O franco suíço tem sido uma alternativa dos investidores para levar avante o carry trade depois da subida da taxa de juros, decretada pelo Banco Central do Japão, a 31 de julho, de 0,10% para 0,25%, de acordo com a Reuters. Os especialistas contactados pelo Jornal Económico confirmam esta nova apetência, mas deixam avisos. O carry trade é um mecanismo que permite ao investidor tentar obter lucro através da diferença nas taxas de juro entre duas moedas.

O trader do Banco Best, Ângelo Custódio, diz ao Jornal Económico que há muito que o franco suíço é utilizado na estratégia de carry trade.

“Gozando de taxas de juro historicamente baixas associada a uma baixa volatilidade, o seu apelo aumentou, obviamente, após a disrupção do iene, que se valorizou fortemente na sequência dos fracos dados económicos verificados nos Estados Unidos, e de um surpreendente aumento das taxas de juro do Banco Central do Japão, que desencadeou uma turbulência nos mercados financeiros”, explica Ângelo Custódio.
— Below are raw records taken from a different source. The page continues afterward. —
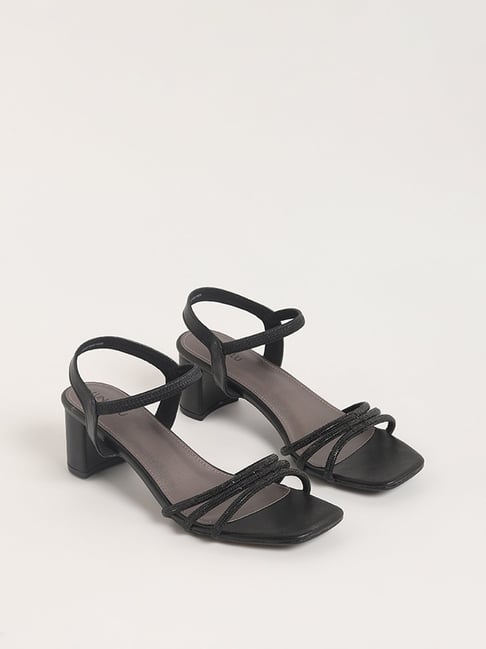 Black Stiletto Heels - Ankle Strap High Heels - Open-Toe Heels - Lulus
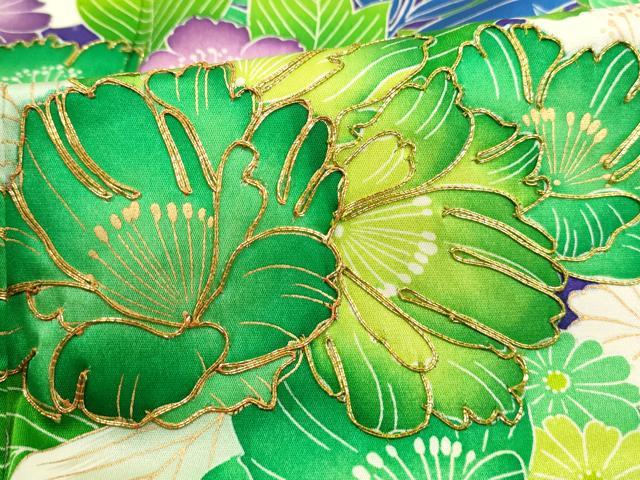 平和屋着物■訪問着　駒刺繍　草花文　暈し染め　金彩　正絹　逸品　DABJ5487qa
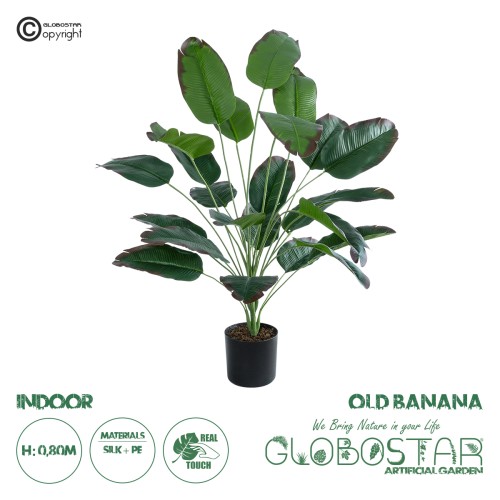GloboStar® Artificial Garden OLD BANANA PLANT 20917 - Διακοσμητικό Φυτό Ώριμη Μπανανιά Φ90 x Υ80cm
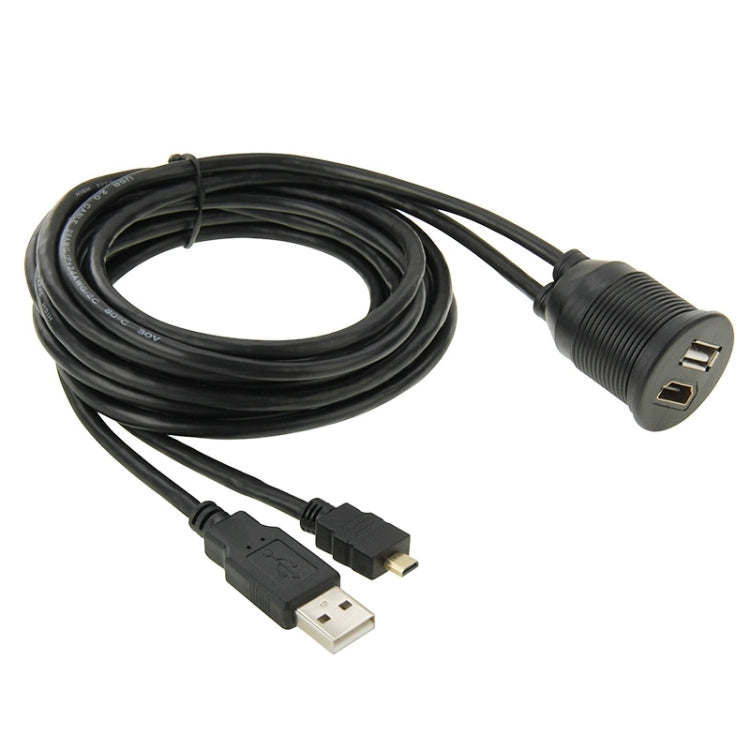 USB 2.0 & Micro HDMI (Type-D) Male to USB 2.0 & HDMI (Type-A) Female Adapter Cable with Car Flush Mount, Length: 2m - In Car by buy2fix | Online Shopping UK | buy2fix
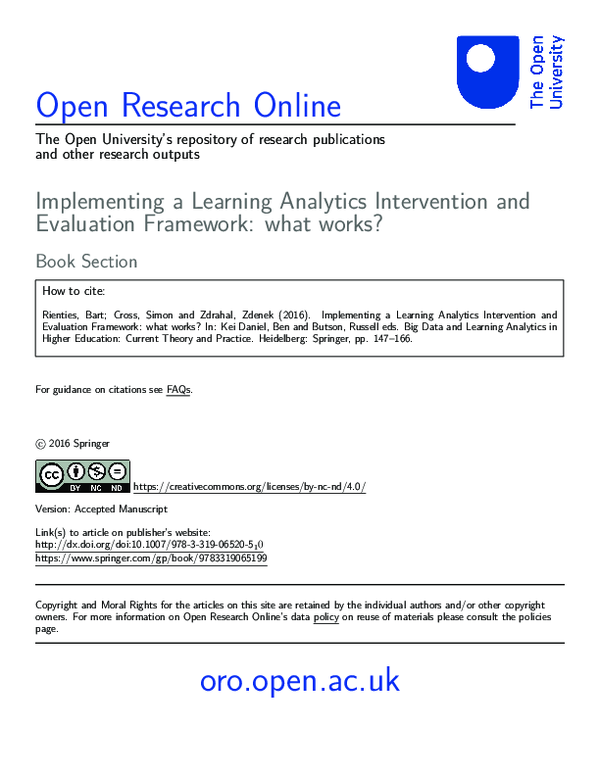 (PDF) Implementing a Learning Analytics Intervention and Evaluation ...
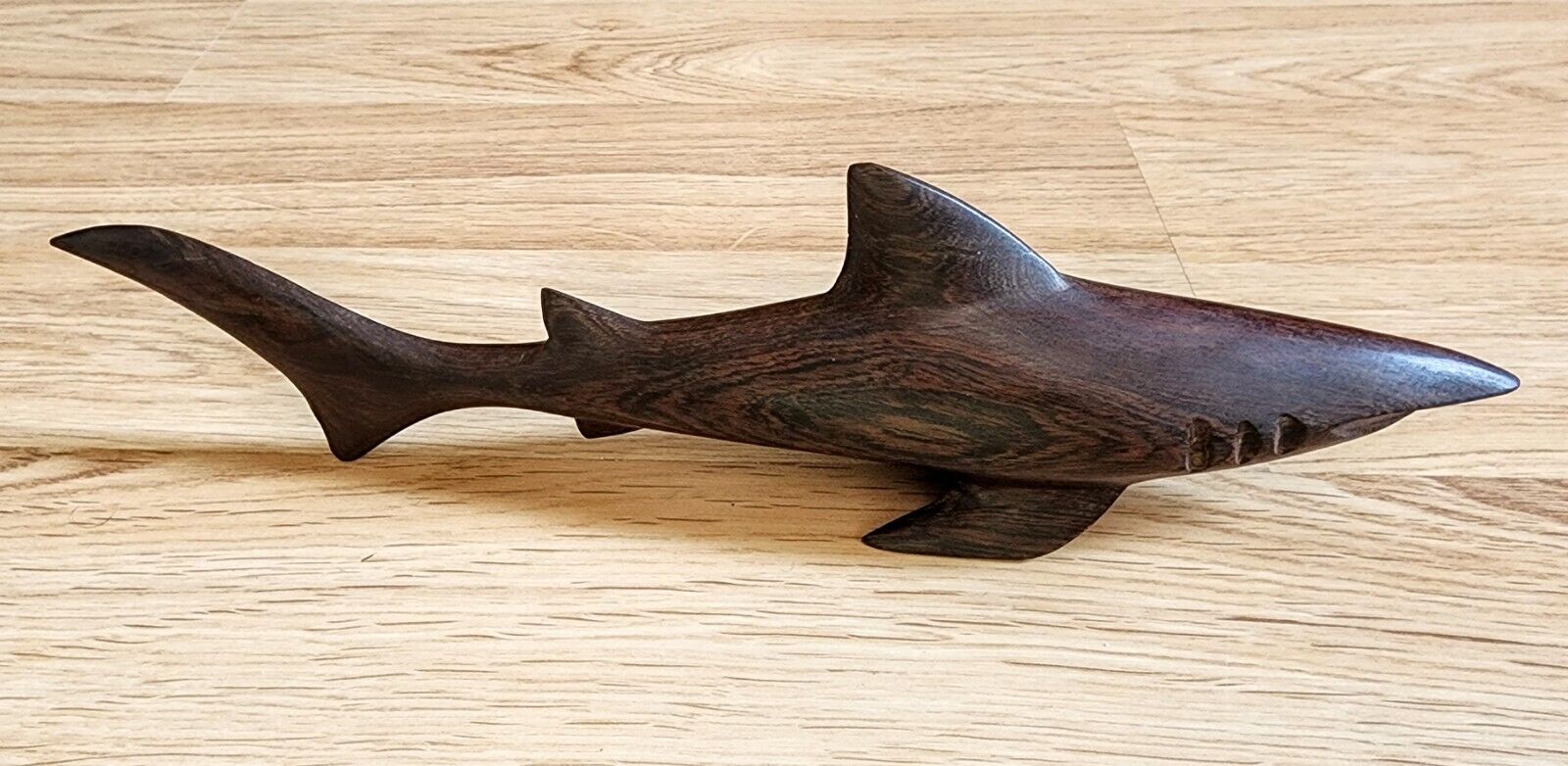 Hand Carved Ironwood Shark Statue Sculpture  Dark Wood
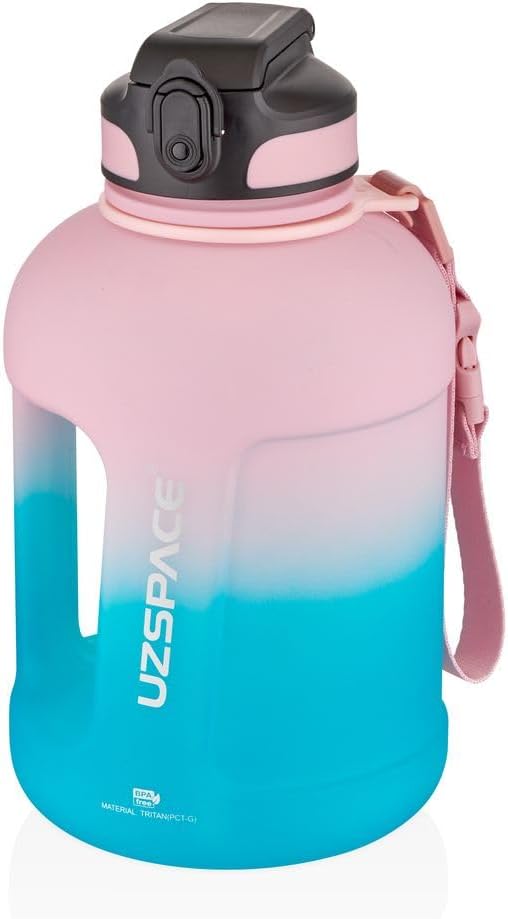 1700ml Çift Renk Pipetli Taşıma Askılı Kulplu Softtouch Motivasyon Su Matarası SM-3067-PEMBETURKUAZ - Görsel 3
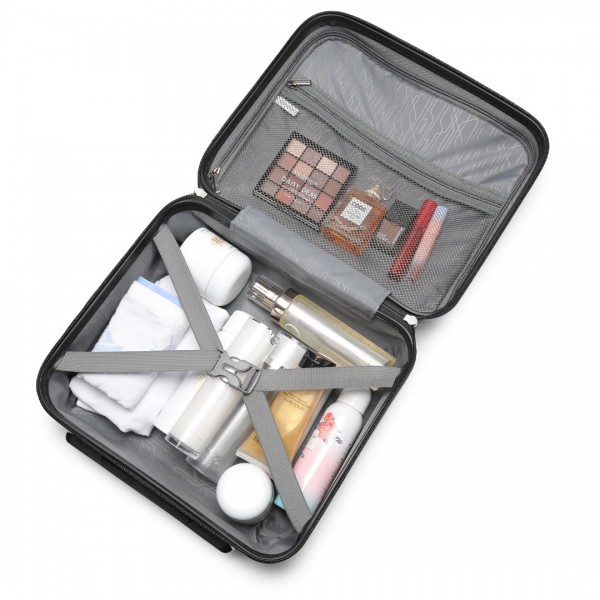 K2092L - Kono 14 Inch Bright Hard Shell PP Vanity Case - Black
O analista da XTB, Henrique Tomé, salienta, ao Jornal Económico, que depois da subida dos juros pelo Banco Central japonês “houve quem ponderasse proceder” a práticas de carry trade na Suíça, tendo em conta as taxas de juro mais baixas em comparação com a Europa e os Estados Unidos da América.

“Ainda assim, a taxa de juro da Suíça é mais alta que a taxa de juro do Japão, mesmo depois de esta ter subido. Adicionalmente, não podemos afirmar que, depois do Japão, a Suíça tem sido o alvo preferencial”, diz Henrique Tomé.

Posições vendedoras atingem 3,8 mil milhões

O trader do Banco Best, Ângelo Custódio, sublinha que é possível verificar posições vendedoras significativas na divisa [franco suíço], cerca de 3,8 mil milhões, um sinal, no entender de Ângelo Custódio, que “poderá estar a ser utilizada para financiar movimentos de carry trade”.

O economista sénior do Banco Carregosa, Paulo Monteiro Rosa, refere que os investidores mantiveram uma posição vendida de 3,8 mil milhões de dólares contra o franco suíço, “mesmo tendo mudado abruptamente” para uma posição comprada de dois mil milhões de dólares no iene, baseando-se em dados da Comissão de Negociação de Futuros de Commodities dos Estados Unidos.

Ângelo Custódio acrescenta que a determinação do Banco Nacional da Suíça em “reduzir ainda mais” as taxas, à medida que a inflação alivia, a oportunidade de “reduzir ainda mais os custos de financiamento” tornam a moeda nacional suíça “mais apetecível” na prática de carry trade.

Paulo Monteiro Rosa diz que o Banco Nacional da Suíça “deverá continuar a cortar as taxas de juro ainda mais” nos próximos meses, à medida que a inflação diminui.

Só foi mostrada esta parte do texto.